Ordered a Mishimoto radiator when I discovered the factory radiator had the hairline crack under the radiator cap. Old one came out fairly easy, Mishimoto was a very tight squeeze. It actually sits closer to the engine than the factory unit, so I had to shorten the top hose where it goes on the water outlet. Also, the black cover would no longer fit. Radiator cap hit the bottom, and the clip that goes in the fan shroud sits to close to the engine. I removed the clip, and cut the raised section with the fan warning out to clear the radiator cap. Now fits like a glove!









Sent from my VS995 using Tapatalk


----------



## putoofacee (Dec 3, 2016)

How long did it take you to install the mishimoto radiator?

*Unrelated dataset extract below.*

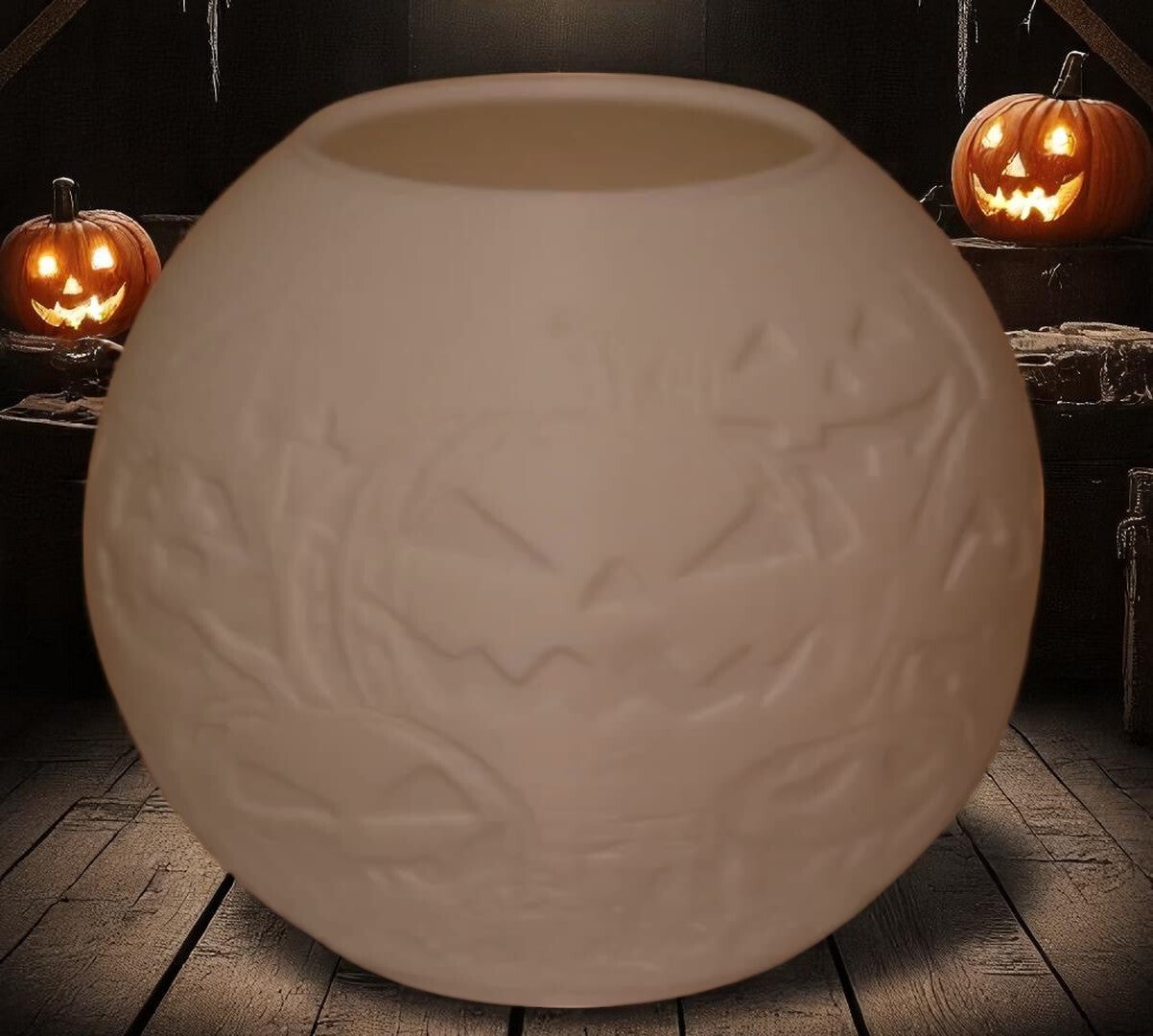 Teelichthalter Kugelform im Halloweendesign - KürbisMix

Sent from my SM-G928T using Tapatalk


----------



## SB71 (Feb 20, 2016)

The radiator wasn't an issue working around the condenser was kind of tricky. The clips are kind of tricky


----------



## 5ft24 (Nov 8, 2016)

putoofacee said:


> How long did it take you to install the mishimoto radiator?
> 
> Sent from my SM-G928T using Tapatalk


I think I spent about 2 hours, but I was cleaning stuff and taking my time as I went

Sent from my VS995 using Tapatalk


----------



## Plowboy (Feb 24, 2016)

Good looking install.


----------



## DaCoach (Apr 19, 2016)

My radiator just blew out and I want to replace it with an aluminum one. I was thinking about replacing it with Mishimoto. Good idea? or does anyone like another brand that fits 06 GTO?


----------



## rymcdon (Feb 9, 2016)

I had ATI Performance build me a radiator. It was larger then factory so i had to do some minor fabrication to install it. Well worth it. Looks great and performs well.


----------